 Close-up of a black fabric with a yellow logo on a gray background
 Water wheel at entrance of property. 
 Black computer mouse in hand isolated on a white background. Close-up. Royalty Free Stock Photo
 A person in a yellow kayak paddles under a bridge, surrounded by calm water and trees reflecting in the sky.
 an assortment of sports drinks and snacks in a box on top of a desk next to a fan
* * *
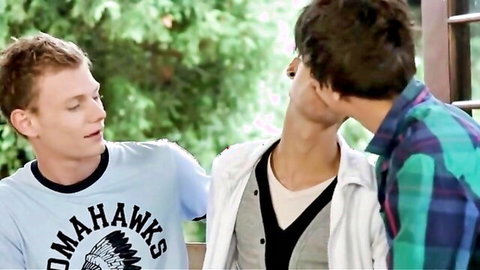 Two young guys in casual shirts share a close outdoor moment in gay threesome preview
---
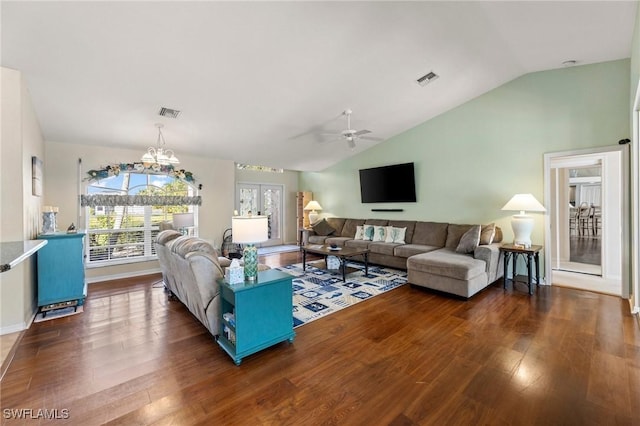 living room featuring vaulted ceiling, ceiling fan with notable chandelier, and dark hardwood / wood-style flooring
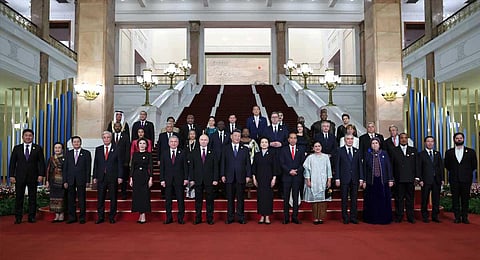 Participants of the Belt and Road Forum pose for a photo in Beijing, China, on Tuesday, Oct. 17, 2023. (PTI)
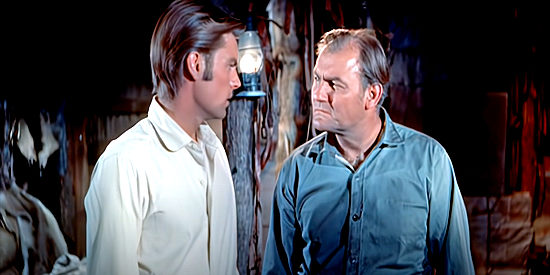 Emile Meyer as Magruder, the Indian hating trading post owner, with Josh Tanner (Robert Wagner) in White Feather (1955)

ASSIGNED TASK:
Print, from the entries above, the line with "Water wheel at entrance of property.", the line with "an assortment of" and all lines between them, exactly and with nothing else.

THE ANSWER:
 Water wheel at entrance of property. 
 Black computer mouse in hand isolated on a white background. Close-up. Royalty Free Stock Photo
 A person in a yellow kayak paddles under a bridge, surrounded by calm water and trees reflecting in the sky.
 an assortment of sports drinks and snacks in a box on top of a desk next to a fan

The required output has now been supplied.